Online brokerage platform Groww’s latest Grey Market Premium (GMP) on the allotment date (November 10, 12:00 PM) stands at ₹5, reflecting a 5% premium over the upper price band of ₹100, Investorgain reported.
Online brokerage platform Groww’s latest Grey Market Premium (GMP) on the allotment date (November 10, 12:00 PM) stands at ₹5, reflecting a 5% premium over the upper price band of ₹100, Investorgain reported.
The current GMP of ₹105 is 7.8% lower than the level recorded on the IPO’s opening day.
The allotment of the Groww IPO is expected to be finalised later today, November 10, with a tentative listing date set for November 12.
Based on grey market activity observed over the past 11 sessions, the IPO GMP is trending downward today and is expected to decline further. Experts note that the GMP has ranged between a minimum of ₹5.00 and a maximum of ₹16.70 during this period.
The ‘grey market premium’ reflects investors’ willingness to pay more than the official issue price.
Billionbrains Garage Ventures, the parent company of stockbroking platform Groww, has set a price band of ₹95–100 per share for its initial public offering (IPO), targeting a valuation of over ₹61,700 crore (about $7 billion). According to a public announcement, the ₹6,632 crore IPO opened for public subscription on November 4 and closed on November 7.
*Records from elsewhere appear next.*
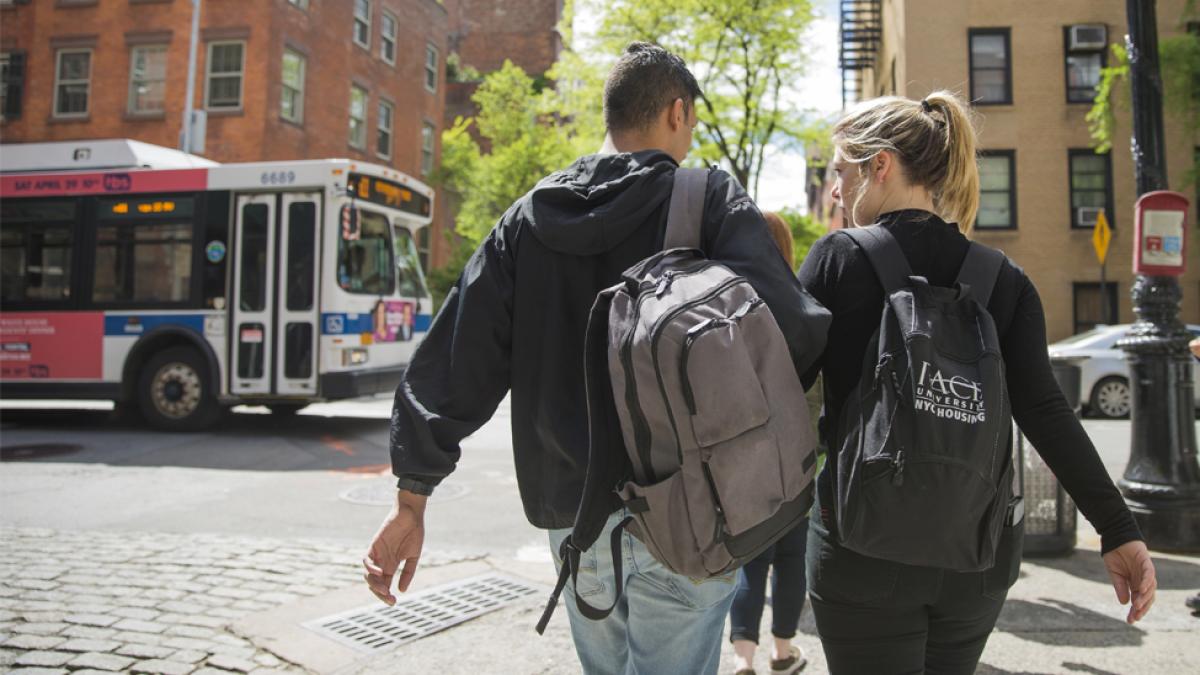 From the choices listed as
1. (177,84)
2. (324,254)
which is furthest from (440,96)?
(324,254)

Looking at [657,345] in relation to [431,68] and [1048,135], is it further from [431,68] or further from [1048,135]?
[431,68]

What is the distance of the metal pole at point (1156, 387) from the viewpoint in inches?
209

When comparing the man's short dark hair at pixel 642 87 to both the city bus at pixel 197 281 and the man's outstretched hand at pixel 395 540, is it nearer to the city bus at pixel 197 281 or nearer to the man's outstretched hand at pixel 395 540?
the man's outstretched hand at pixel 395 540

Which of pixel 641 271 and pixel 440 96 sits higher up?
pixel 440 96

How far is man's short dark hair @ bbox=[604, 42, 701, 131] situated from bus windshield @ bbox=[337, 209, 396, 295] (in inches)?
351

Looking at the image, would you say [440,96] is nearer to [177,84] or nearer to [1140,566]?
[177,84]

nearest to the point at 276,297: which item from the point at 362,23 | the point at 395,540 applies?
the point at 395,540

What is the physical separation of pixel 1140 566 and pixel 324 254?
9645mm

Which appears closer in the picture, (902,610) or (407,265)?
(902,610)

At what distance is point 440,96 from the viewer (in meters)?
31.9

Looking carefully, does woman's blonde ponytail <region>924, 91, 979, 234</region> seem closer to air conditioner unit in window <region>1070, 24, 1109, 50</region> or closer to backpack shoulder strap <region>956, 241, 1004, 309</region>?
backpack shoulder strap <region>956, 241, 1004, 309</region>

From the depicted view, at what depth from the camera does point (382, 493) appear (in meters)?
7.14

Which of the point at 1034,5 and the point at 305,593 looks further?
the point at 1034,5

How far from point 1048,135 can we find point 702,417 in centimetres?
2400
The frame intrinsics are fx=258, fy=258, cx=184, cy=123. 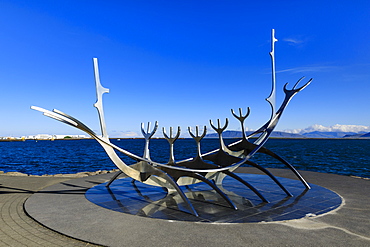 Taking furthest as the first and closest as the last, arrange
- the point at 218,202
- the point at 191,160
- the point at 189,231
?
the point at 191,160, the point at 218,202, the point at 189,231

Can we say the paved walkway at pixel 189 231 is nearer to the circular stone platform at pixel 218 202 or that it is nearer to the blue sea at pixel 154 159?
the circular stone platform at pixel 218 202

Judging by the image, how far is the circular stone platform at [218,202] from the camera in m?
8.55

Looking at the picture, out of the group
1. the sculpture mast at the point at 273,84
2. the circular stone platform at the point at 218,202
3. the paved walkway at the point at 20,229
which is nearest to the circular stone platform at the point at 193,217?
the circular stone platform at the point at 218,202

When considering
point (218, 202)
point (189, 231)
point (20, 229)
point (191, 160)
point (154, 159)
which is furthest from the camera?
point (154, 159)

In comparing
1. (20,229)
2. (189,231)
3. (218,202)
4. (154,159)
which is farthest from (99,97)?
(154,159)

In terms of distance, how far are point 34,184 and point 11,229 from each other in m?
7.71

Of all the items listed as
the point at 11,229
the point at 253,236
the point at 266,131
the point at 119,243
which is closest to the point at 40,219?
the point at 11,229

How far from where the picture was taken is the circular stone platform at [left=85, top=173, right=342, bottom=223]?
337 inches

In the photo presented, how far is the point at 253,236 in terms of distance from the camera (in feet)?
22.1

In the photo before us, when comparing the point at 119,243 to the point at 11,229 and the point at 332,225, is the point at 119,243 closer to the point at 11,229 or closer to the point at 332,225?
the point at 11,229

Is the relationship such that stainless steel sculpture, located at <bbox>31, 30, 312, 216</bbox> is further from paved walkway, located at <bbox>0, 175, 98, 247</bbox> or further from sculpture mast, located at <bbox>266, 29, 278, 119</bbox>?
paved walkway, located at <bbox>0, 175, 98, 247</bbox>

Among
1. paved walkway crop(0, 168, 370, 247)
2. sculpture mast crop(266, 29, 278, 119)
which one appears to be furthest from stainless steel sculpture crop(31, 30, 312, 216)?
paved walkway crop(0, 168, 370, 247)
The issue comprises a fresh equity share offering worth ₹1,060 crore and an Offer for Sale (OFS) of 57,41,90,754 equity shares by promoters and existing investors.
As part of the OFS, the company’s promoters, Lalit Keshre, Harsh Jain, Neeraj Singh, and Ishan Bansal, are each offering up to 1 million shares. Investor shareholders, including Peak XV Partners Investments VI-1, YC Holdings II, Ribbit Capital V, GW-E Ribbit Opportunity V, Internet Fund VI Pte. Ltd., and Kauffman Fellows Fund LP, are also offloading part of their holdings.
Groww’s founders collectively own 27.97% of the company and have been listed as promoters with a 20% lock-in for 1.5 years post-listing. In the IPO, they are selling only about 0.07% of the company’s total shares.
Of the fresh issue proceeds, ₹225 crore will be allocated for brand-building and performance marketing activities, while ₹205 crore will be invested in Groww Creditserv Technology Private Limited (GCS), the company’s NBFC arm, to strengthen its capital base.
Additionally, ₹167.5 crore will be infused into Groww Invest Tech Private Limited (GIT) to fund its Margin Trading Facility (MTF) business, and ₹152.5 crore has been earmarked for enhancing cloud infrastructure. The remaining funds will be used for inorganic growth through acquisitions and for general corporate purposes.